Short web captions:
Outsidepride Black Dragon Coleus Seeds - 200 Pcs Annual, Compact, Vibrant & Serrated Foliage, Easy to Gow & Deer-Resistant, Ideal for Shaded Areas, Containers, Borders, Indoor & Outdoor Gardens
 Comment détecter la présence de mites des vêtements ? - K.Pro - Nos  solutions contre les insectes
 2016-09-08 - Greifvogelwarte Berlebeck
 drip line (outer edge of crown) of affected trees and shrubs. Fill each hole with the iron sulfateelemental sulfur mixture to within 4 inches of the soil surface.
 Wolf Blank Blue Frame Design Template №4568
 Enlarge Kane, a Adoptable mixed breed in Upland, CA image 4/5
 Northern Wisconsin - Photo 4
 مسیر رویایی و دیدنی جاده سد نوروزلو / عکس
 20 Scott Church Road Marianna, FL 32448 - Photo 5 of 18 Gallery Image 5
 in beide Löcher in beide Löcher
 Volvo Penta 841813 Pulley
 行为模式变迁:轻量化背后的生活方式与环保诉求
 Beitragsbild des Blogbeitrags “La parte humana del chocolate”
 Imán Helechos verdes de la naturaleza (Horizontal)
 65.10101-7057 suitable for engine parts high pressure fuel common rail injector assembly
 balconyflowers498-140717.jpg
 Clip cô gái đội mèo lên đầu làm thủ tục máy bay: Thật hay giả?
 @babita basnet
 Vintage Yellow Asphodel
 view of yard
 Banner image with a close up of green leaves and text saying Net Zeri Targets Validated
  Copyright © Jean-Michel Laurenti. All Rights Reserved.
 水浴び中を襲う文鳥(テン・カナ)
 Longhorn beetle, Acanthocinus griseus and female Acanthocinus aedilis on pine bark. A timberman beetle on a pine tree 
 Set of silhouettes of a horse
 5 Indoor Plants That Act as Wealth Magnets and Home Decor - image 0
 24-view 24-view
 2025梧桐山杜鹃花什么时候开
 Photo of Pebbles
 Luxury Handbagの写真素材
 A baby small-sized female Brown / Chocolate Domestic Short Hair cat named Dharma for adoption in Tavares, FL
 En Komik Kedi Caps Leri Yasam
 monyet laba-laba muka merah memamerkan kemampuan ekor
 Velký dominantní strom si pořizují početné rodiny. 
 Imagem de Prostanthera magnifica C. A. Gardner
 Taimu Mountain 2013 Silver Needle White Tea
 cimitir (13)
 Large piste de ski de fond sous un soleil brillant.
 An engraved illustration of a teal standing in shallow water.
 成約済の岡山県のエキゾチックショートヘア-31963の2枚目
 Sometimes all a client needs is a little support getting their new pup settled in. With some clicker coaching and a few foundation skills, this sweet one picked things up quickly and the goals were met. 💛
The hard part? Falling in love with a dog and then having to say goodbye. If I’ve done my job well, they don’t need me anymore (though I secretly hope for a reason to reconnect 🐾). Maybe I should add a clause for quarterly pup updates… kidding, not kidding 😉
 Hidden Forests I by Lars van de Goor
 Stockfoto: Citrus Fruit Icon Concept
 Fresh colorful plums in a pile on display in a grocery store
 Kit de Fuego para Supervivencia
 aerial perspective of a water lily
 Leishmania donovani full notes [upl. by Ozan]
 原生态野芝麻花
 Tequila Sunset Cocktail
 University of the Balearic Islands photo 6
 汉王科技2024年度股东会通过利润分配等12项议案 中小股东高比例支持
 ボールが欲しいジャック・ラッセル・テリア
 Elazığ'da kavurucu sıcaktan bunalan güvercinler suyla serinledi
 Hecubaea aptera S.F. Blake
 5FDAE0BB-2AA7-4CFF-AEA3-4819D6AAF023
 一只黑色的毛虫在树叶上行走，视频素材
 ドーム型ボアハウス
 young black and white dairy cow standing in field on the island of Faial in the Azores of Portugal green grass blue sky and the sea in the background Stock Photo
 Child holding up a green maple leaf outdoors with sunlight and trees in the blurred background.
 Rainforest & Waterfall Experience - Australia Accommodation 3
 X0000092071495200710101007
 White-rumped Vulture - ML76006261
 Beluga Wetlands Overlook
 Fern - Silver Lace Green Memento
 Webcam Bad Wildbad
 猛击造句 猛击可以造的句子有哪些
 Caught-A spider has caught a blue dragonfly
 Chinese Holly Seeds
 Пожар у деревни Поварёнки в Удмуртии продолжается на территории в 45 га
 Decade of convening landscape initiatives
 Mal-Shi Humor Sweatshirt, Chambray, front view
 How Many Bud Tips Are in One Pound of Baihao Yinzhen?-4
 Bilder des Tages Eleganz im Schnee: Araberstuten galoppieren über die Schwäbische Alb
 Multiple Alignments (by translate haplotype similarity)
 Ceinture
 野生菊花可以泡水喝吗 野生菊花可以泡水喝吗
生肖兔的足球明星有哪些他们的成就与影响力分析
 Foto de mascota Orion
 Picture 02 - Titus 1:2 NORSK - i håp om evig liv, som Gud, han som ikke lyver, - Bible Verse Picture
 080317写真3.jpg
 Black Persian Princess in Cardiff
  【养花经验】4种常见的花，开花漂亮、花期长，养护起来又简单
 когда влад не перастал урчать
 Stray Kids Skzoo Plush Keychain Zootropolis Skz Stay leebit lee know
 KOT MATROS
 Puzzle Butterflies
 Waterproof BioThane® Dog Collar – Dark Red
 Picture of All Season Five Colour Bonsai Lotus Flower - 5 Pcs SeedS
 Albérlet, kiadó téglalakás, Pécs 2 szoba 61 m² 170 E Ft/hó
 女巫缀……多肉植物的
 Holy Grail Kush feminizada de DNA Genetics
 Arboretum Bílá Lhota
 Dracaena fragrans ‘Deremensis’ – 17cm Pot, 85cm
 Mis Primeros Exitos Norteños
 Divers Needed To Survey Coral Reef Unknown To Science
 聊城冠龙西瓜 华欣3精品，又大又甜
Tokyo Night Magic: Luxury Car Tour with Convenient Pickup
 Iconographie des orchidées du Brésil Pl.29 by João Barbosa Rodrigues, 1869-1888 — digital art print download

Instructions for the task =>
Make an exact copy of all the data.

Solution for this problem =>
Outsidepride Black Dragon Coleus Seeds - 200 Pcs Annual, Compact, Vibrant & Serrated Foliage, Easy to Gow & Deer-Resistant, Ideal for Shaded Areas, Containers, Borders, Indoor & Outdoor Gardens
 Comment détecter la présence de mites des vêtements ? - K.Pro - Nos  solutions contre les insectes
 2016-09-08 - Greifvogelwarte Berlebeck
 drip line (outer edge of crown) of affected trees and shrubs. Fill each hole with the iron sulfateelemental sulfur mixture to within 4 inches of the soil surface.
 Wolf Blank Blue Frame Design Template №4568
 Enlarge Kane, a Adoptable mixed breed in Upland, CA image 4/5
 Northern Wisconsin - Photo 4
 مسیر رویایی و دیدنی جاده سد نوروزلو / عکس
 20 Scott Church Road Marianna, FL 32448 - Photo 5 of 18 Gallery Image 5
 in beide Löcher in beide Löcher
 Volvo Penta 841813 Pulley
 行为模式变迁:轻量化背后的生活方式与环保诉求
 Beitragsbild des Blogbeitrags “La parte humana del chocolate”
 Imán Helechos verdes de la naturaleza (Horizontal)
 65.10101-7057 suitable for engine parts high pressure fuel common rail injector assembly
 balconyflowers498-140717.jpg
 Clip cô gái đội mèo lên đầu làm thủ tục máy bay: Thật hay giả?
 @babita basnet
 Vintage Yellow Asphodel
 view of yard
 Banner image with a close up of green leaves and text saying Net Zeri Targets Validated
  Copyright © Jean-Michel Laurenti. All Rights Reserved.
 水浴び中を襲う文鳥(テン・カナ)
 Longhorn beetle, Acanthocinus griseus and female Acanthocinus aedilis on pine bark. A timberman beetle on a pine tree 
 Set of silhouettes of a horse
 5 Indoor Plants That Act as Wealth Magnets and Home Decor - image 0
 24-view 24-view
 2025梧桐山杜鹃花什么时候开
 Photo of Pebbles
 Luxury Handbagの写真素材
 A baby small-sized female Brown / Chocolate Domestic Short Hair cat named Dharma for adoption in Tavares, FL
 En Komik Kedi Caps Leri Yasam
 monyet laba-laba muka merah memamerkan kemampuan ekor
 Velký dominantní strom si pořizují početné rodiny. 
 Imagem de Prostanthera magnifica C. A. Gardner
 Taimu Mountain 2013 Silver Needle White Tea
 cimitir (13)
 Large piste de ski de fond sous un soleil brillant.
 An engraved illustration of a teal standing in shallow water.
 成約済の岡山県のエキゾチックショートヘア-31963の2枚目
 Sometimes all a client needs is a little support getting their new pup settled in. With some clicker coaching and a few foundation skills, this sweet one picked things up quickly and the goals were met. 💛
The hard part? Falling in love with a dog and then having to say goodbye. If I’ve done my job well, they don’t need me anymore (though I secretly hope for a reason to reconnect 🐾). Maybe I should add a clause for quarterly pup updates… kidding, not kidding 😉
 Hidden Forests I by Lars van de Goor
 Stockfoto: Citrus Fruit Icon Concept
 Fresh colorful plums in a pile on display in a grocery store
 Kit de Fuego para Supervivencia
 aerial perspective of a water lily
 Leishmania donovani full notes [upl. by Ozan]
 原生态野芝麻花
 Tequila Sunset Cocktail
 University of the Balearic Islands photo 6
 汉王科技2024年度股东会通过利润分配等12项议案 中小股东高比例支持
 ボールが欲しいジャック・ラッセル・テリア
 Elazığ'da kavurucu sıcaktan bunalan güvercinler suyla serinledi
 Hecubaea aptera S.F. Blake
 5FDAE0BB-2AA7-4CFF-AEA3-4819D6AAF023
 一只黑色的毛虫在树叶上行走，视频素材
 ドーム型ボアハウス
 young black and white dairy cow standing in field on the island of Faial in the Azores of Portugal green grass blue sky and the sea in the background Stock Photo
 Child holding up a green maple leaf outdoors with sunlight and trees in the blurred background.
 Rainforest & Waterfall Experience - Australia Accommodation 3
 X0000092071495200710101007
 White-rumped Vulture - ML76006261
 Beluga Wetlands Overlook
 Fern - Silver Lace Green Memento
 Webcam Bad Wildbad
 猛击造句 猛击可以造的句子有哪些
 Caught-A spider has caught a blue dragonfly
 Chinese Holly Seeds
 Пожар у деревни Поварёнки в Удмуртии продолжается на территории в 45 га
 Decade of convening landscape initiatives
 Mal-Shi Humor Sweatshirt, Chambray, front view
 How Many Bud Tips Are in One Pound of Baihao Yinzhen?-4
 Bilder des Tages Eleganz im Schnee: Araberstuten galoppieren über die Schwäbische Alb
 Multiple Alignments (by translate haplotype similarity)
 Ceinture
 野生菊花可以泡水喝吗 野生菊花可以泡水喝吗
生肖兔的足球明星有哪些他们的成就与影响力分析
 Foto de mascota Orion
 Picture 02 - Titus 1:2 NORSK - i håp om evig liv, som Gud, han som ikke lyver, - Bible Verse Picture
 080317写真3.jpg
 Black Persian Princess in Cardiff
  【养花经验】4种常见的花，开花漂亮、花期长，养护起来又简单
 когда влад не перастал урчать
 Stray Kids Skzoo Plush Keychain Zootropolis Skz Stay leebit lee know
 KOT MATROS
 Puzzle Butterflies
 Waterproof BioThane® Dog Collar – Dark Red
 Picture of All Season Five Colour Bonsai Lotus Flower - 5 Pcs SeedS
 Albérlet, kiadó téglalakás, Pécs 2 szoba 61 m² 170 E Ft/hó
 女巫缀……多肉植物的
 Holy Grail Kush feminizada de DNA Genetics
 Arboretum Bílá Lhota
 Dracaena fragrans ‘Deremensis’ – 17cm Pot, 85cm
 Mis Primeros Exitos Norteños
 Divers Needed To Survey Coral Reef Unknown To Science
 聊城冠龙西瓜 华欣3精品，又大又甜
Tokyo Night Magic: Luxury Car Tour with Convenient Pickup
 Iconographie des orchidées du Brésil Pl.29 by João Barbosa Rodrigues, 1869-1888 — digital art print download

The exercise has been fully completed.